[Dataset records]
= = = =

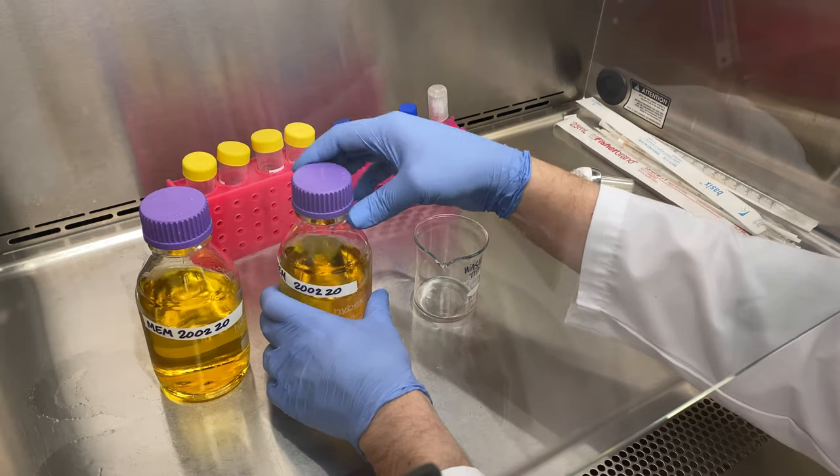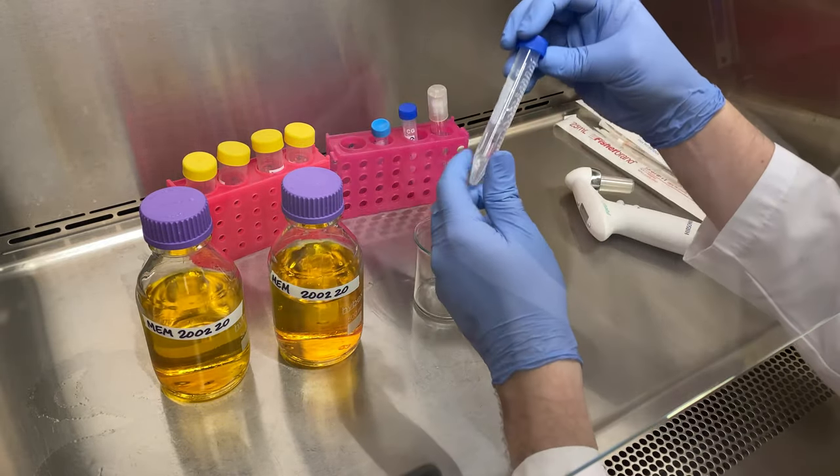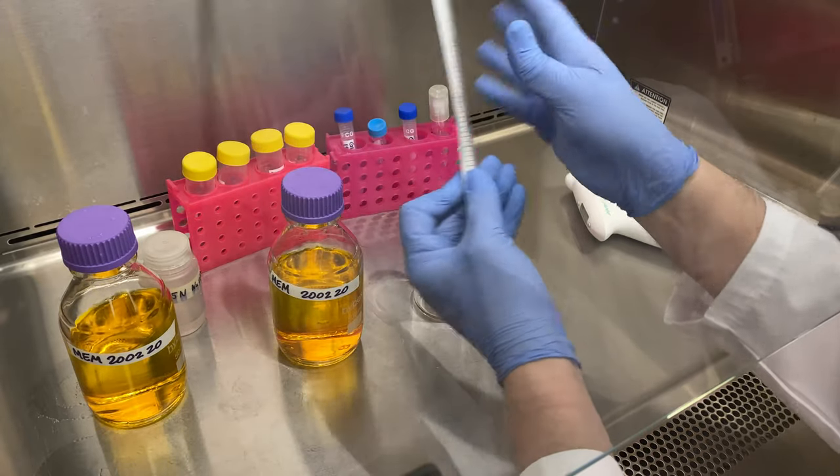This works in conjunction with our HEPES as buffering agents. Next up, we'll add our glutamine — 5 mils of glutamine to each bottle.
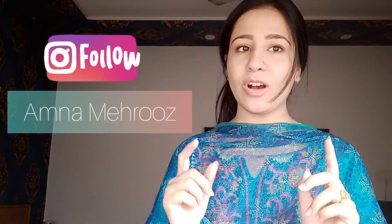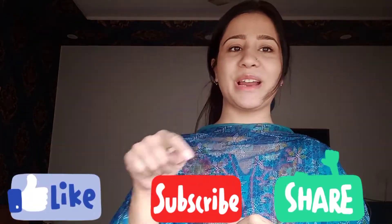Hello, Assalamu Alaikum! Today is Monday and we are going to make hot and sour soup. I am making hot and sour soup and I will share it with you. Don't forget to like this video and subscribe to my channel.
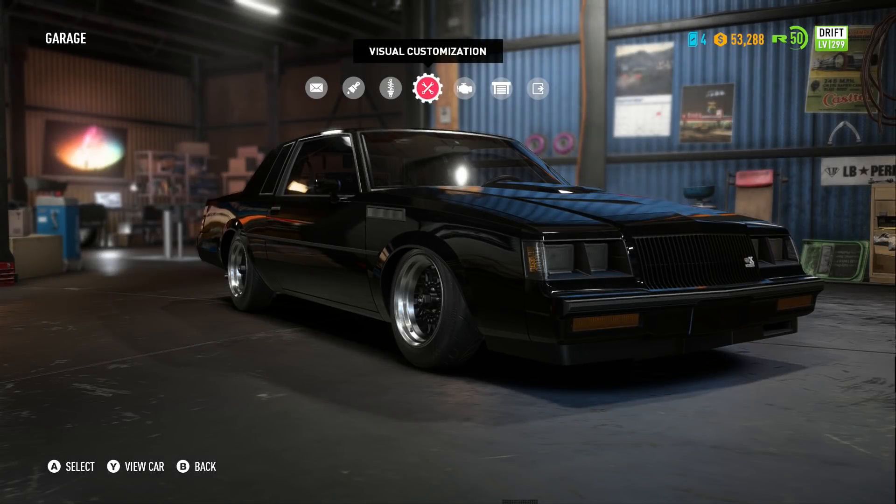Hello everyone and welcome to the Buick GNX, the Grand National — one of my favorite American cars of all time, actually.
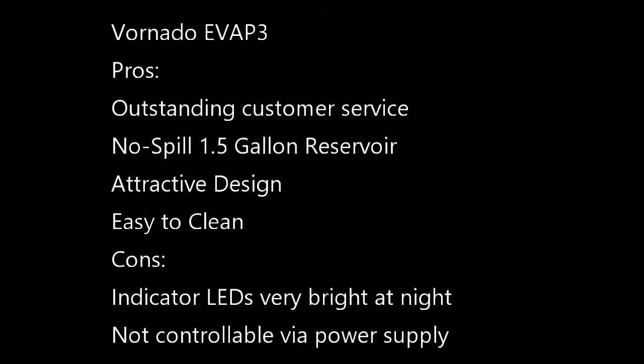Overall, outstanding customer service from Vornado. I really like the one-and-a-half gallon reservoir that doesn't spill, and the clean black design. It's easy to keep clean. The only things I don't like: the indicator lights are pretty bright at night, whether for humans or plants, and if you want to control it with an external controller it's not going to be very easy because of the digital on/off. But overall I would definitely recommend this to anybody for a medium-sized application. Thanks for watching, everybody — take care.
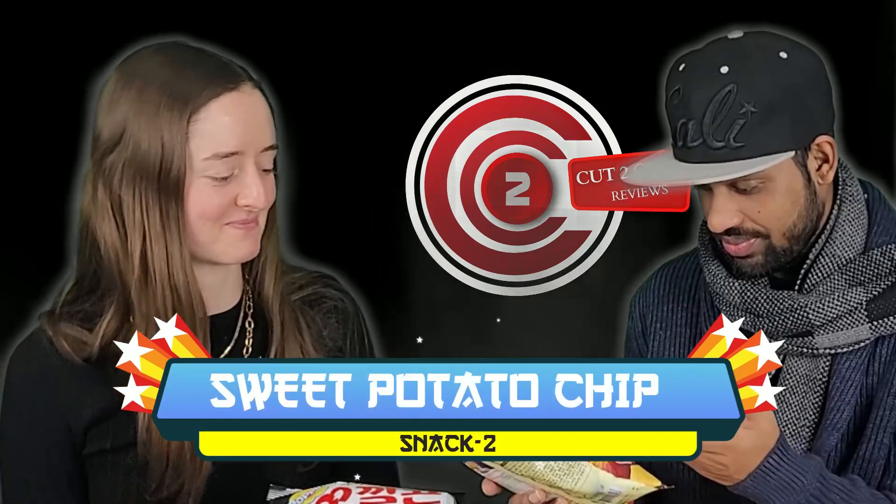Let's try this next one. We definitely don't know what it is, but we have to try it. It looks like something with banana, or maybe sweet potato. We can't read the label, but we can eat it for sure.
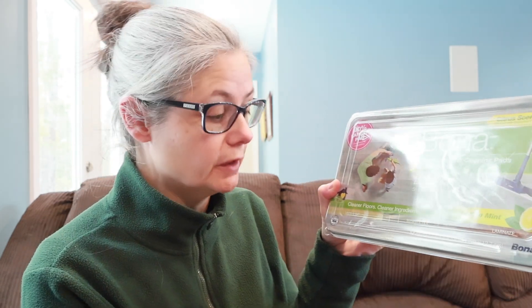We should read how we're supposed to use this product. It says disposable wet cleaning pads for hard surface floors. Over here it also specifies the type of floors you can use this product on. You can use them on vinyl, LVT, stone tile, and laminate. I have vinyl in my bathroom and laminate in my kitchen living room area, so that's fine.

= = = =

Your answer should consist of the lines above between those holding "Hello, Assalamu Alaikum!" and "Hello everyone and", inclusive, reproduced word for word and without pictures.

Hello, Assalamu Alaikum! Today is Monday and we are going to make hot and sour soup. I am making hot and sour soup and I will share it with you. Don't forget to like this video and subscribe to my channel.
Hello everyone and welcome to the Buick GNX, the Grand National — one of my favorite American cars of all time, actually.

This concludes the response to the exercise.